Attorney General Dana Nessel said in a statement targeting other exonerees as well that, “We have an obligation to provide compassionate compensation to these men for the harm they suffered.”
The payment still needs approval by state legislators.
“Someone who is exonerated based on new evidence can qualify for $50,000 for every year spent in prison. Phillips would appear to qualify for more than $2 million.… But he’s being paid only for 30 years because he was serving a separate armed robbery conviction at the same time. Phillips and his legal team said he was wrongfully convicted for that crime too, but Oakland County prosecutors haven’t cleared him,” USA Today reports.
Phillips became quite an accomplished painter while in prison, and his paintings now sell for thousands of dollars. “It was something to do, occupy my mind,” he said. “I could get off into one of my paintings and just be in there for hours.
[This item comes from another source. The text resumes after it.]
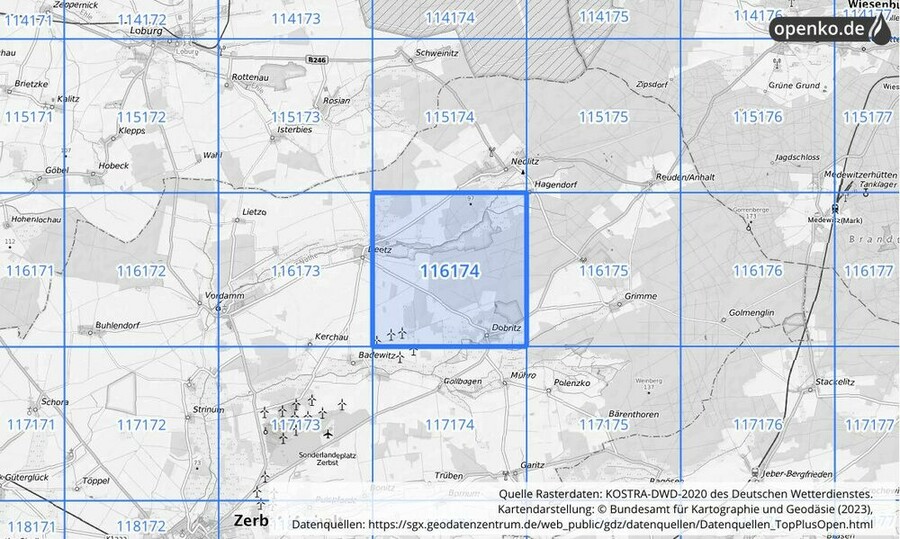 Übersichtskarte des KOSTRA-DWD-2020-Rasterfeldes Nr. 116174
He sold his prison paintings to help raise money for his own defense while waiting to find out if he would be eligible under a Michigan law that compensates the wrongfully convicted.
“The attorney general’s office made a decision to pay him every penny he’s currently owed. I am very happy with how things have turned out,” said Phillips’ attorney, Gabi Silver.
As Phillips said in a CBS News story regarding his case, “I’m gonna be alright regardless, whether they compensate me or not.”